During the time of Essar Oil's delisting from the Indian bourses, Sebi had directed the company to match the per-share delisting price to the price at which Rosneft buys the 49 percent stake.
A consortium led by Russia's Rosneft today bought 98 percent stake in the company for Rs 72,800 crore.
In an interview with CNBC-TV18, former SEBI ED JN Gupta suggested that the Essar Group's statement that the deal value was close to the de-listing price may not be correct and said the Ruias may have to pay the difference to minority shareholders who exited at the de-listing stage.
He also took issue with the claim that the Rosneft-Essar Oil deal was the biggest foreign direct investment into India.
"No money is coming to India because about 90 percent of Essar is owned offshore by Ruia," he said.

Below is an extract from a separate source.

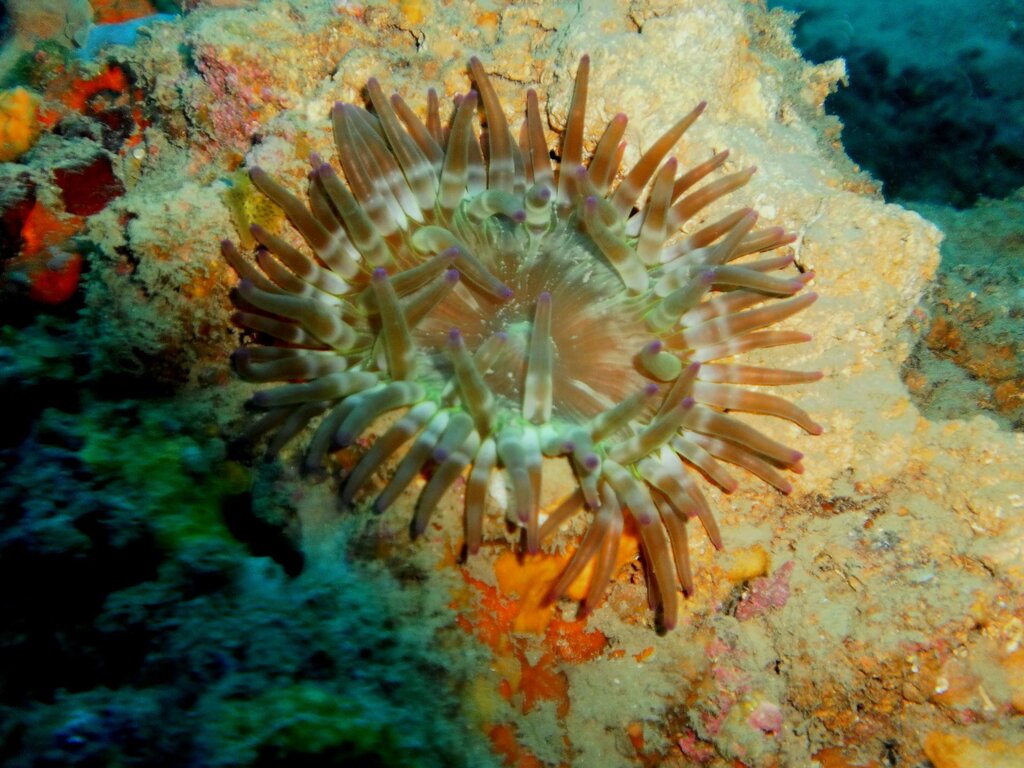 Anemone Piatto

Below is the interview transcript.
Anisha: We want to understand what does it exactly mean for the minority shareholders because last time in December the company had delisted itself with around Rs 260 per share value which was 80 percent premium of the floor price if you look at it. But there was also a regulation given by SEBI later that if there is any upward gap if seen in the valuation the company will have to pay the minority shareholders. Now we have to pay the details, Rs 72,800 is the amount that they are looking to pay for the Vadinar refinery. What will minority shareholders get out of this?

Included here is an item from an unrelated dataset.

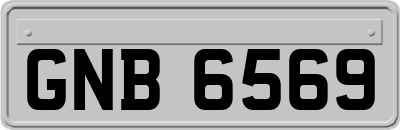 GNB6569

Gupta: I have been hearing that everybody saying that this is one of the biggest foreign direct investment (FDI) into India. I would disagree with this for the simple reason no money is coming to India because about 90 percent of Essar is owned offshore by Ruia. So, the money will remain out of the company, there will be no money flowing into the country.
As far as the minority shareholder thing is concerned SEBI in its order in November had very clearly laid down that if in Rosneft deal, the price that is paid to it is any different from the price that has been out in the delisting offer, then any upward difference will have to be paid to shareholders by the company.
Now the issue there is as I understand some power plant, I don't know whether power plant is included in the deal or not. This we will have to see what are they assets they have been included or excluded.
Anisha: You were telling me that there might be some extra value coming. Can you please help us understand what can be that extra value per share that the minority shareholders can get now?
Gupta: As I was telling you before I heard Mr Ruia now hearing Mr Ruia I am little bit disappointed because he made the statement that the equity value is going to be very much near the delisting price. Now I am baffled how come the equity value negotiation could be based on the delisting price which has no relation to equity value. That means to me it is something like saying that I have decided to sell at the rate at which I delisted.
That is not possible and when we do back of the envelope calculation. The debt at the end of 2015 was close to Rs 25,000 crore. I am not taking into account working capital issue. So, if you take only that without working capital the per share or 98 percent of the equity that has been sold almost amounts to Rs 328 per share. Now, if you take Rs 328 per share versus Rs 268 at which it was delisted it is close to around Rs 60 that would have to be paid to minority shareholders.
But by the statement of Mr Ruia I am very much sure that there would be no intention on the part of their group to pay anything because they have already shared with them the valuation of equity portion in the deal is close to what it was delisted. So, that is the big issue here.